EXERCISE DETAILS: Set down again, exactly and only, the lines from the one that contains "人IL1R2 / IL1RB / CD121b重组蛋白His tag" through the last line of the records below, both included, but not the pictures.

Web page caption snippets
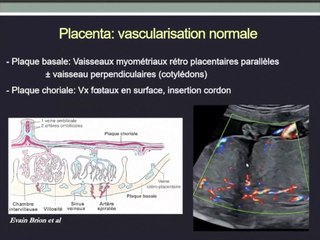 Placenta et Cordon coraux et pathologiques, l’essentiel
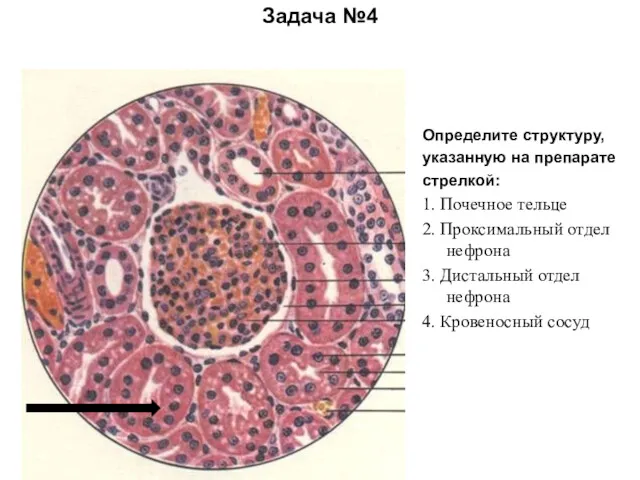 Задача №4 Определите структуру, указанную на препарате стрелкой: 1. Почечное тельце 2. Проксимальный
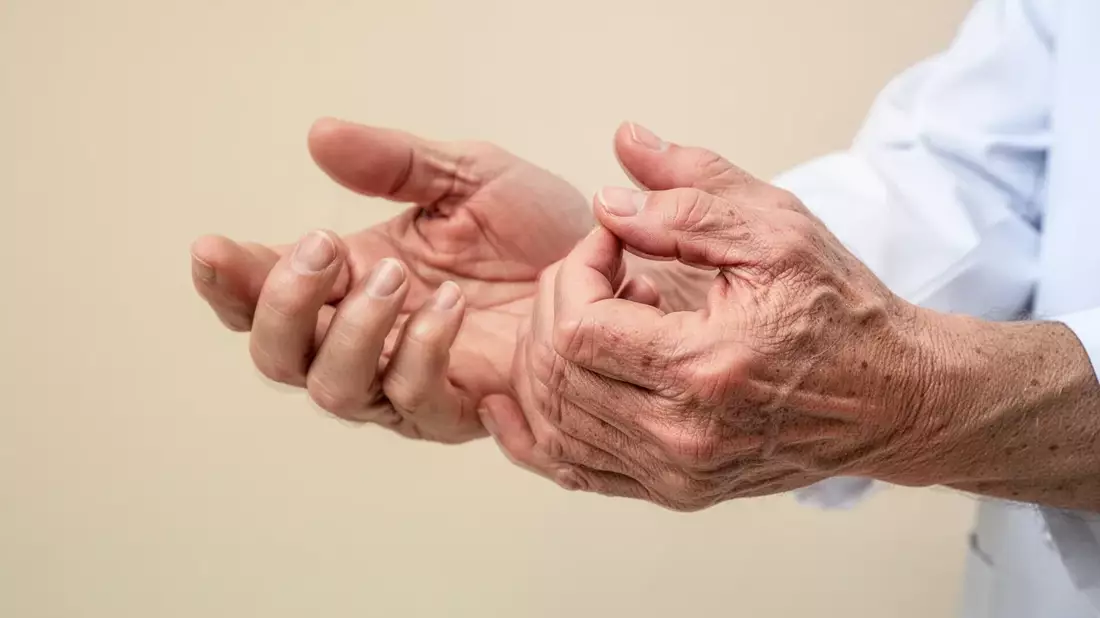 Fingerarthrose: Mit Bewegung und Gelenkschutz gegen den Schmerz - Bild: über boerse-global.de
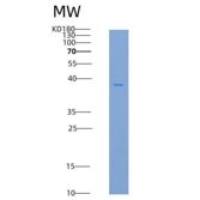 人IL1R2 / IL1RB / CD121b重组蛋白His tag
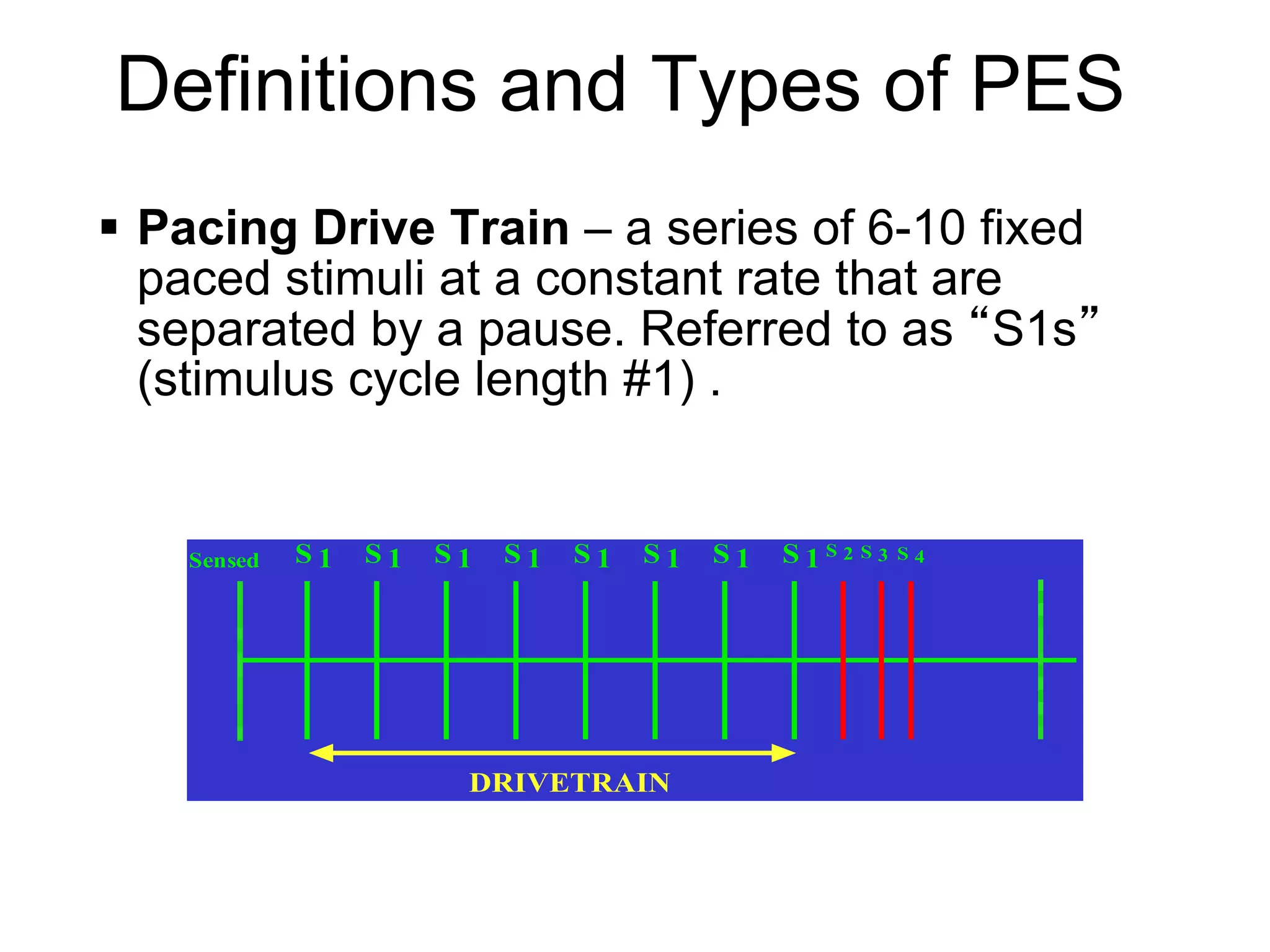 Definitions and Types of PES
     Pacing Drive Train – a series of 6-10 fixed
      paced stimuli at a constant rate that are
      separated by a pause. Referred to as “S1s”
      (stimulus cycle length #1) .


        Sensed   S1   S1   S1   S1   S1   S1   S1   S1S2 S3   S4




                            DRIVETRAIN



5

TASK SOLUTION:
 人IL1R2 / IL1RB / CD121b重组蛋白His tag
 Definitions and Types of PES
     Pacing Drive Train – a series of 6-10 fixed
      paced stimuli at a constant rate that are
      separated by a pause. Referred to as “S1s”
      (stimulus cycle length #1) .


        Sensed   S1   S1   S1   S1   S1   S1   S1   S1S2 S3   S4




                            DRIVETRAIN



5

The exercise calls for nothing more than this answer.